The HIA-rpdata.com Residential Land Report shows the weighted median price of raw land in Australia increased by 1.1 per cent in the June 2009 quarter to $174,490. Brisbane land prices increased by 7.1% in the three months to June to a median of $223,900. Sydney remained the most expensive market with a median price of $255,000, while the most affordable market was Mallee in Victoria with a median price of $70,000.
HIA Chief Economist Dr Harley Dale said median land prices rose for the second consecutive quarter, after declining throughout 2008. “The challenge now is to ensure that land price appreciation does not get out of control the way it so clearly did in the last up-cycle, eroding housing affordability to a disproportionate extent along the way,” he said.
“There is no chance of a new home building recovery gathering the momentum required in coming years if adequate and affordable land supply is not available,” Harley Dale said. “There are already concerns that this problem may develop again through 2010 and this remains the critical issue for policy makers to address.”
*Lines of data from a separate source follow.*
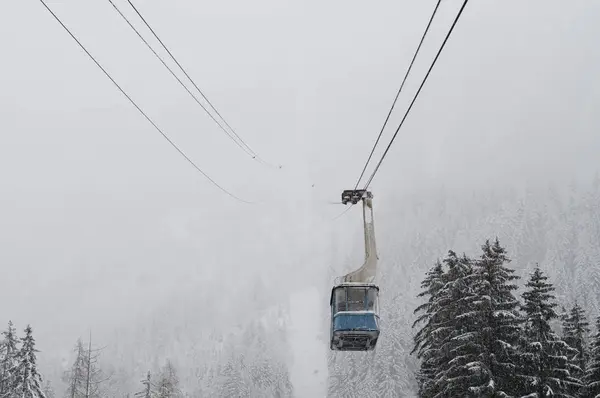 Cable car over coniferous trees in winter — Stock Photo, Image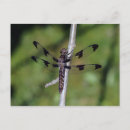 Search for black wings postcards White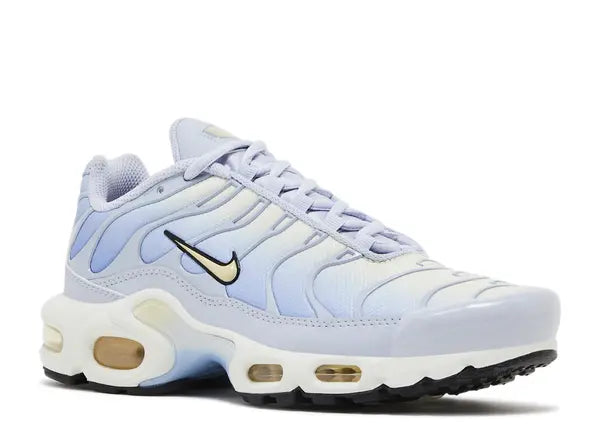 Nike Air Max Plus Daybreak Front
In an encouraging sign, however, the volume of land sales for Australia is now trending higher, supporting HIA’s forecast for a moderate recovery in new home building in 2010. “Land sales were up by 1.3 per cent in the June 2009 quarter compared to the same period last year. While a modest outcome, it was nevertheless the first positive result since the end of 2007,” said Harley Dale. Of the 40 non-metropolitan areas around Australia reported on for the first time in this report, 25 saw an increase in median land value over the June 2009 quarter.
According to Tim Lawless, rpdata.com National Research Director, the affect of land supply constraints are likely to be compounded by ongoing increases in demand for housing. “In raw numbers, population growth is at record levels and Australia’s population hasn’t increased this fast since the baby boom. The latest population projections released by Treasury suggest the rate of population growth in Australia is not likely to let up any time soon. This fact alone should spark policy makers to act sooner rather than later with regards to instigating a more proactive and strategic land release program.”
As interest rates rise and the first home buyer stimulus winds back, first home buyers are likely to play less of a role in the market over the second half of the year. “With the boost to the First Home Buyers Grant now halved and now interest rates rising, demand from the first home buyer sector is likely to diminish as the year progresses. In balance, investors are likely to become more active as they are much less influenced by rising mortgage rates and issues associated with housing affordability.”
“We have already started to see investor numbers gathering pace in the residential property market. In August alone the value of investor finance commitments jumped by 7.6 per cent.”